[Dataset items]
--*--

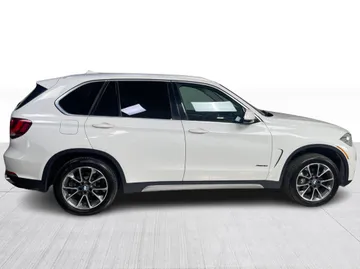 2018 BMW X5 - image 2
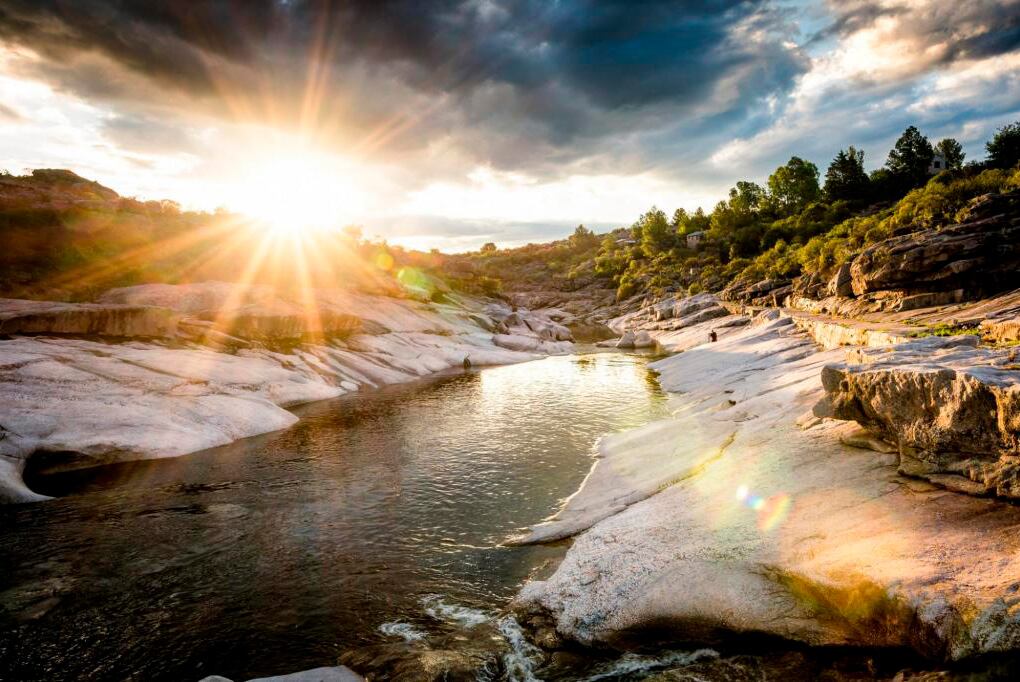 El río Mina Clavero, a dos horas de la ciudad. (Fotografía: Fabrizio Murúa www.faimurua.com)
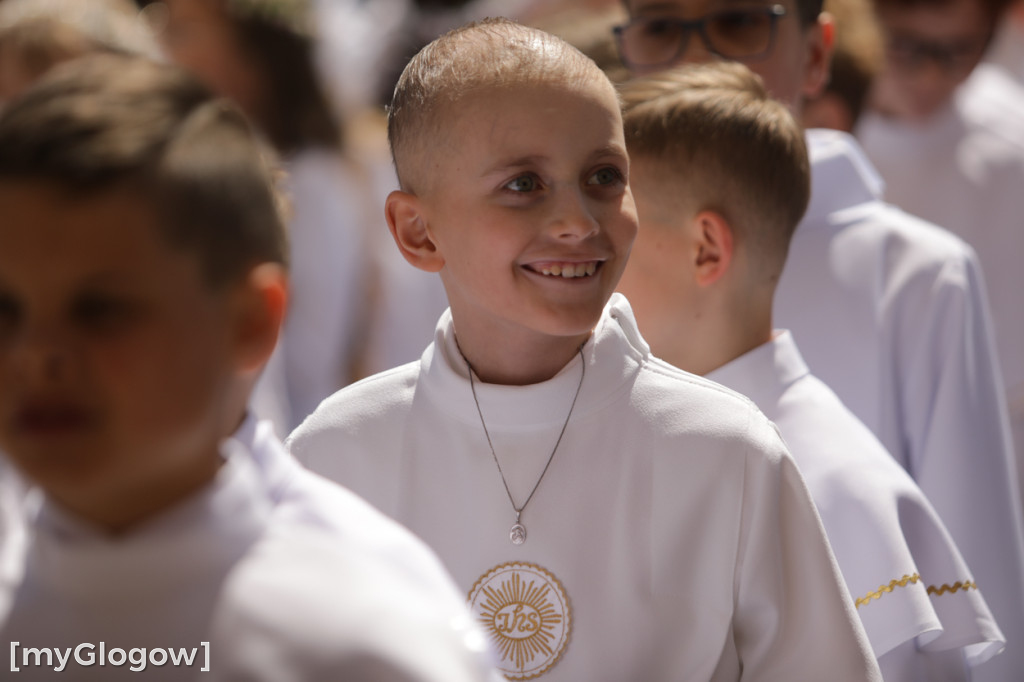 Piękna uroczystość! Komunia w kościele na Piastowie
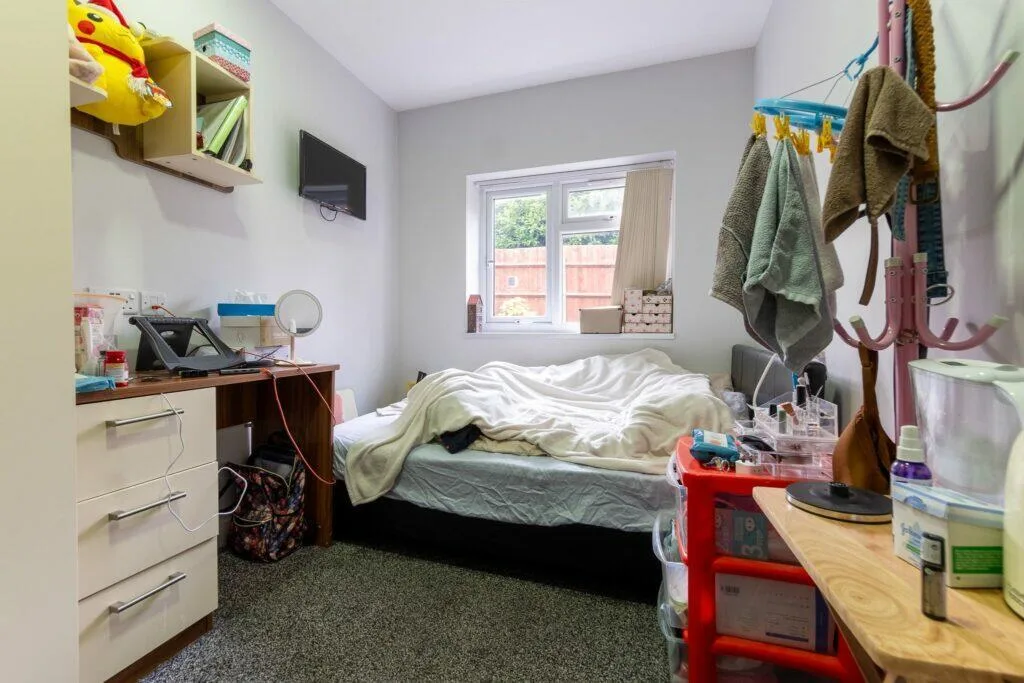 6 bedroom house for rent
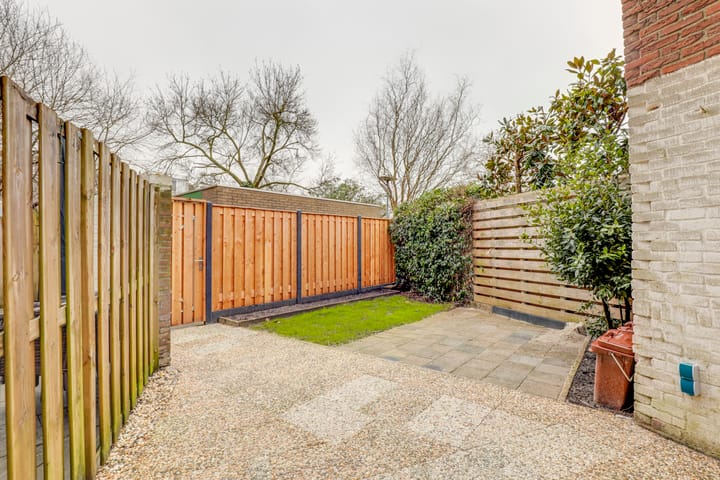 Foto 38 van Egelantierstraat 2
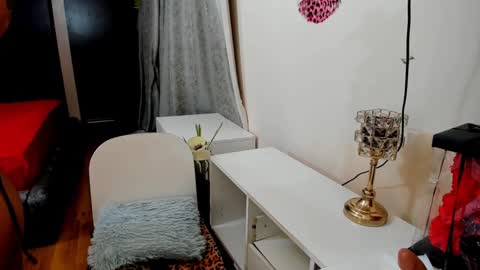 Snapshot of elsagloww chatting on January 17, 2025, 4:04 pm ELSA BBY online show from January 17, 2025, 4:04 pm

--*--

Output the whole of the data, unchanged; keep the pictures out.

 2018 BMW X5 - image 2
 El río Mina Clavero, a dos horas de la ciudad. (Fotografía: Fabrizio Murúa www.faimurua.com)
 Piękna uroczystość! Komunia w kościele na Piastowie
 6 bedroom house for rent
 Foto 38 van Egelantierstraat 2
 Snapshot of elsagloww chatting on January 17, 2025, 4:04 pm ELSA BBY online show from January 17, 2025, 4:04 pm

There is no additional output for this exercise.